I was having snooze out in a little boat way out off Shark Bay near Geraldton WA and suddenly KA-SPLOOSH and we were rocken wildly and crapping ourselves and falling over each other trying to start teh moter and get the f*** out of there - and this seal popped his head up laughing at us - coulda shot it!


----------



## Baldy (Oct 1, 2007)

I went down to Pipe Clay Lagoon a few days ago, got a couple of flatties for dinner and I had a ray[about 1m across] spook when I went over him and clipped the rudder, I didnt see anything before it hit so it made me situp and take notice!

The first thing I'd be doing if I had interest from a big noah is raise that rudder. And dare I suggest it stop peddling and start paddling :shock: :lol: They are gonna try and taste test anything poking out from the hull or if the size is right the hull itself. My theory is reduce what they can grab hold of and paddle as fast and smooth as possible, to at least give them a moving target :lol:

Cheers
Baldy


----------



## ArWeTherYet (Mar 25, 2007)

Yeah my yak has been head buttered by a turtle right on dusk.......dont know who got the biggest :shock: :lol:


----------



## Y-Knot (Sep 26, 2006)

5thofNovember said:


> I was just sitting there minding my own business and all of the sudden I felt a bump and fell straight into the drink.
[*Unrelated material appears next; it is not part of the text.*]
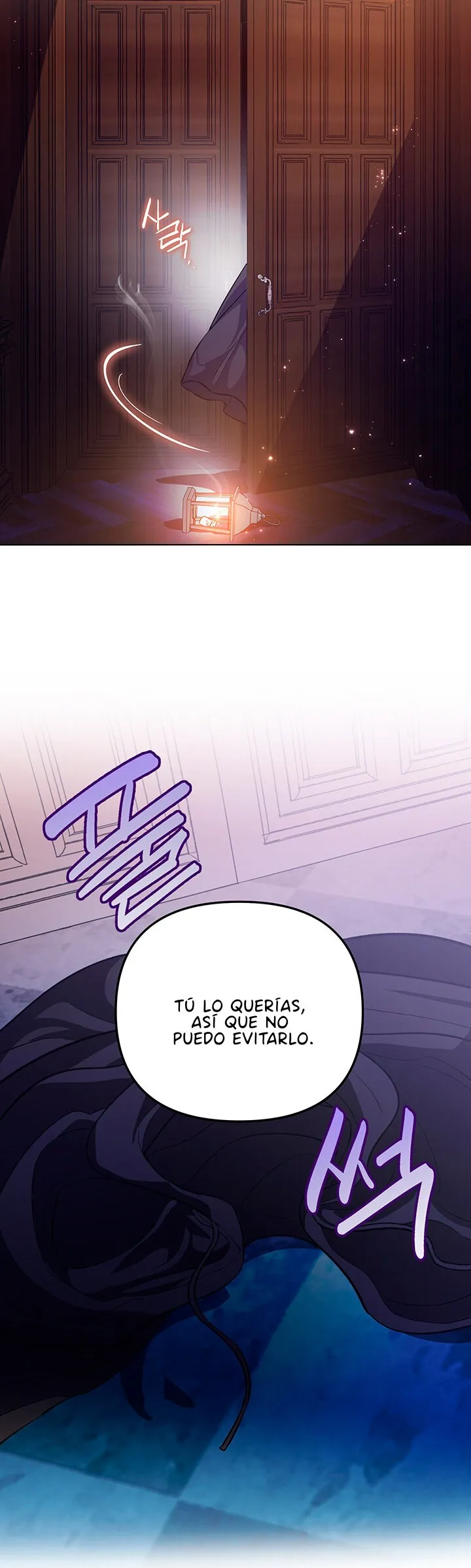 Elizabeth Capítulo 56 en Línea - página 20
I didn't see what it was, before or after. ?


seriously if this EVER happens to me it WILL break my nerve and i will be reduced to paddling fesh water only.  
I pray to the fishing gods that this will NEVER happen


----------



## Guest (Dec 9, 2007)

I would have said the same but when it happened, it was all too quick to even think about it. As soon as I hit the drink I was climbing back on. I actually fretted about it more an hour or so later after it happened. But even then I tended to think it was a dolphin, so it wasn't as scary as it probably sounds.

Speaking of nerve, mine did get tested today. I went for a fish in Jervis Bay and although it was about as eventless as fishing trips get, I couldn't shake the feeling of being watched for a while. It was a bit weird really. Thats never happened to me before.


----------



## lazydays (Aug 30, 2005)

Full moon paddle one night around near Jacobs Well and I didn't realise how shallow the water was (about 500mm) and I put the paddle straight down onto a stingray (didn't know what it was at the time) and then a mighty eruption of the water and a stingray jumped clear over my yak.


----------



## AdrianK (May 30, 2006)

My mate's kayak got rubbed by a bull shark in Tingalpa Creek.


----------



## Astro (Nov 27, 2006)

AdrianK said:


> My mate's kayak got rubbed by a bull shark in Tingalpa Creek.
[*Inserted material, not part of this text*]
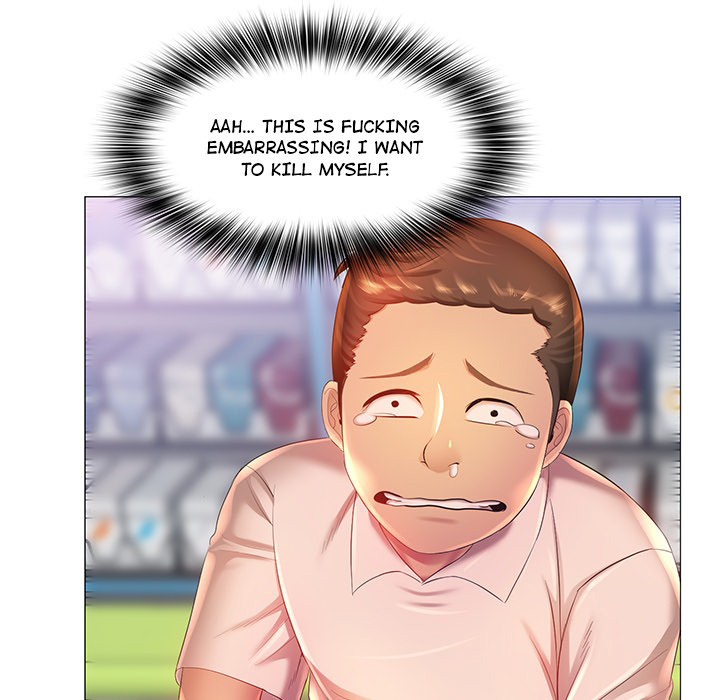 Risque Caller - Chapter 2 [photo 121] - MangaPorn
just looking for a scratching post......


----------



## beefs (Jan 30, 2006)

5thofNovember said:


> Speaking of nerve, mine did get tested today. I went for a fish in Jervis Bay and although it was about as eventless as fishing trips get, I couldn't shake the feeling of being watched for a while. It was a bit weird really. Thats never happened to me before.
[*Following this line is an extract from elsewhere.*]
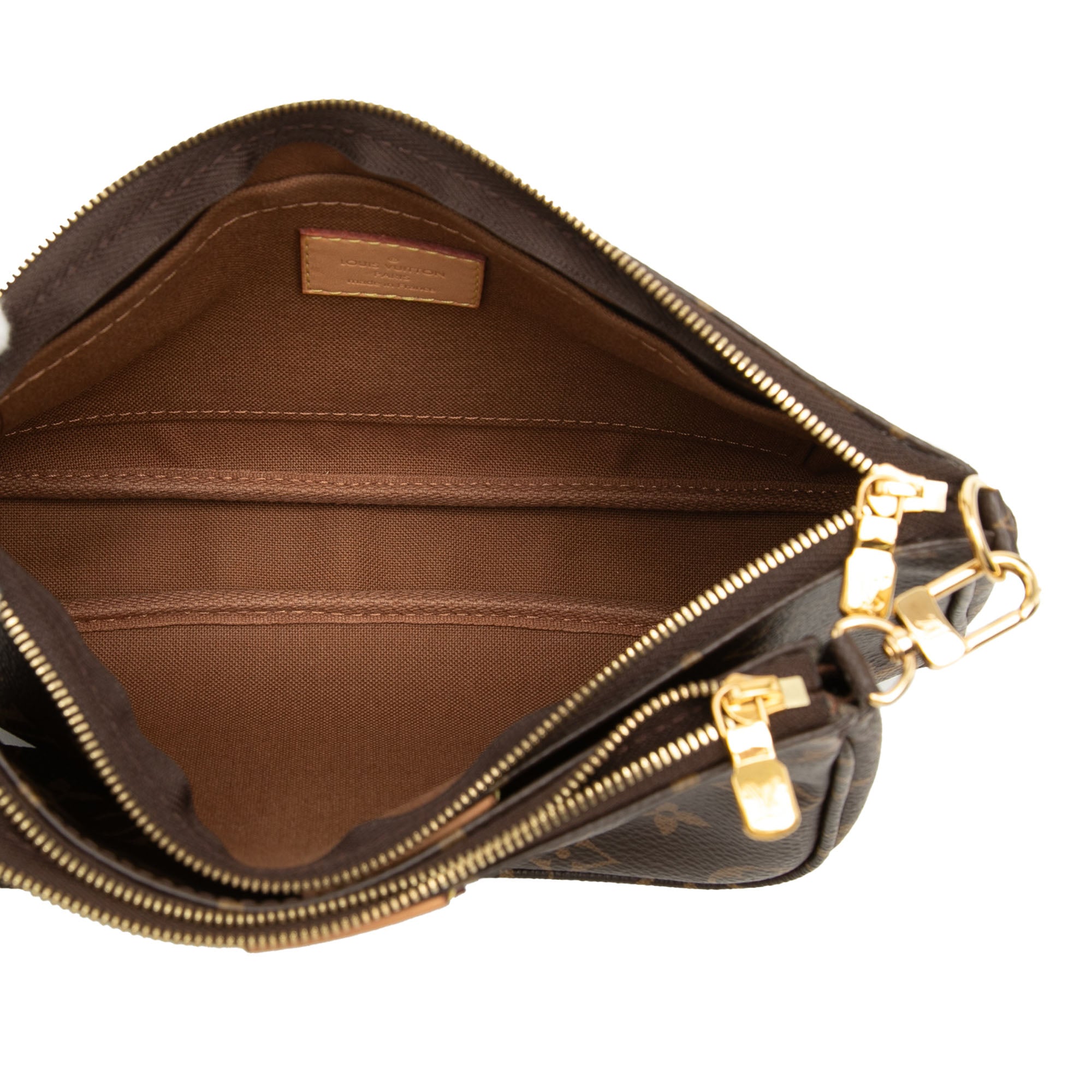 Monogram Multi Pochette Accessoires - Image 4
Have never been nudged but i've had this happen before. Out at a spot I usually go, 4km out around an island just paddling away fishing etc. Then I start getting this sense of "whats not right"...paddled a bit more, still feeling uncomfortable, paddled through the shallow section between the islands - still feel dodgy. Then I thought screw this and paddled towards home - in the middle of the trip home over the deepest section of water it feels like a normal trip again. It really did feel like I was being stalked or followed. Strange really cause I never saw anything just got a weird feeling...


----------



## pcsolutionman (Apr 9, 2007)

I got a hell of a fright one evening while paddling back from mission point up past donnybrook in pummicestone passage when a Dugong popped up only a meter or so away from me, boy those things have bad breath lol. I also had a ray jump clean out of the water and land right next to the yak again right on dark, scared the Sh1t out of me it was like glass at the time

Lee


----------



## justcrusin (Oct 1, 2006)

Haven't had it happen to me, but i seem to remember one Mr Gatesy Esquire being in front of me heading into the pipes with rawprawn in the lead when a stringray spooked right under his yak flaps on both sides and a lot of swearing :lol: :lol: :lol: probably as much from me as from Gatesy. Thankfully i haven't sighted a noah yet let alone being bumped, touch wood.

Cheers Dave


----------



## crazyratwoman (Feb 26, 2007)

i've had mullet jump and hit the side of the yak.... during the night its pretty freaky... been hit on the bottom of the yak by a mega stingray too...


----------



## Redfish (Apr 25, 2007)

Never been nudged- but had a funny experience once. Was fishing 2-up out of a canoe in a mangrove creek north of townsville. Heard an almight splash and thought it was a croc. I was in the bow, and turned around to see my mate frozen in the back. I can still see it in slow motion- a 1 m saltwater barra sailing over his shoulder! (just behind his head) It hit the water, soaking him in the process. He was still frozen and all he could do was say "what the hell was that?!". I shudder to imagine what would have happened if it connected with him!!


----------



## andybear (Jan 15, 2006)

Hi all,

Not exactly the goods, but the first time I went yakkin' in the dark, I had a fairly large battery powered fluoro lamp behind me, that attracted a huge moth, that whacked me in the back of the head. I nearly jumped over the side! (more like nearly fell in). I have also accidentally put my paddle on a stingray, but apart from that only little knocks, that I think may have been jellyfish.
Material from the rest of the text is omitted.